## MATERIAL SUPPLIED

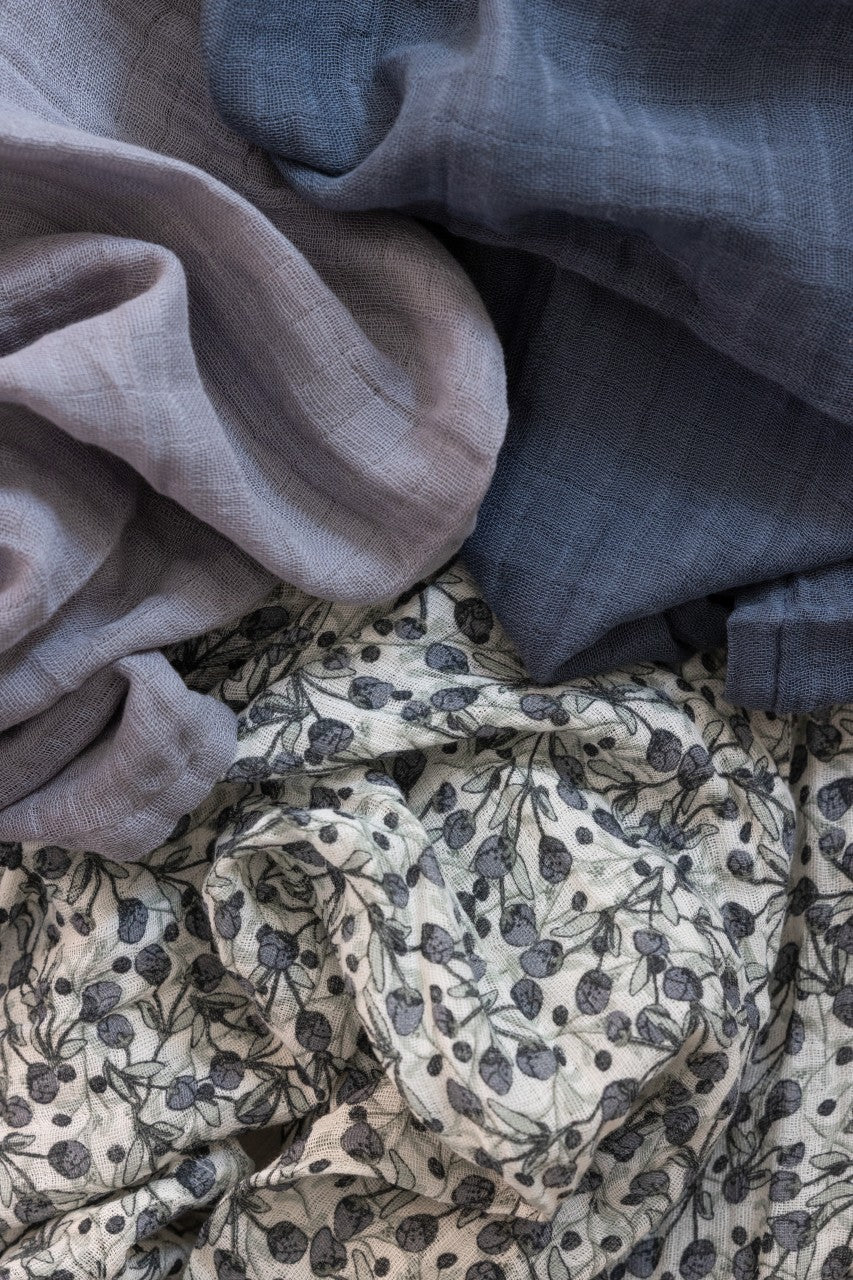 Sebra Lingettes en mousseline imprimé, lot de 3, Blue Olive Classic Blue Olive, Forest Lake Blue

---

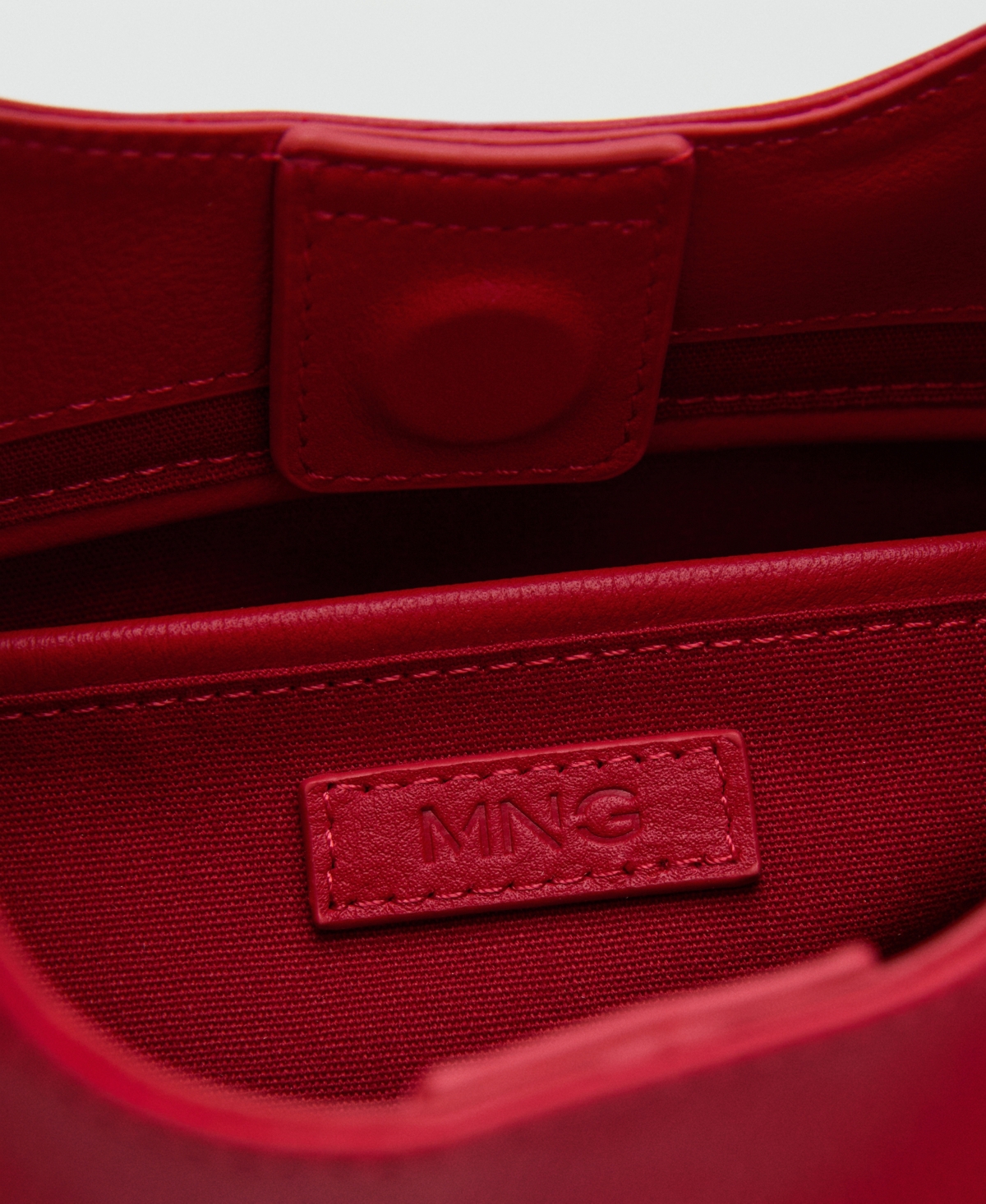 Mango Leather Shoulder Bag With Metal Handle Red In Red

...

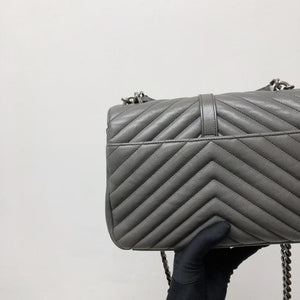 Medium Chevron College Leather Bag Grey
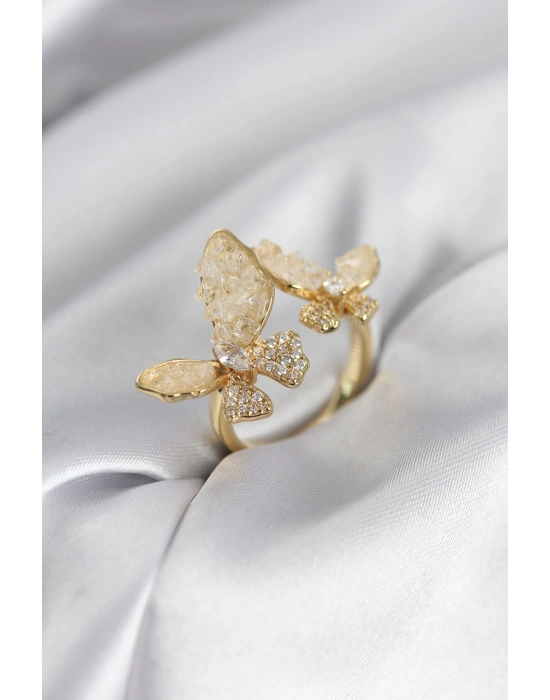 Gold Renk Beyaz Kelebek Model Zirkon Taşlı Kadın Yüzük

## EXERCISE
Having found the line with "Medium Chevron College Leather Bag Grey" and the line with "Gold Renk Beyaz" in the material above, write out exactly those two and every line between, leaving the pictures out.

## EXERCISE ANSWER
 Medium Chevron College Leather Bag Grey
 Gold Renk Beyaz Kelebek Model Zirkon Taşlı Kadın Yüzük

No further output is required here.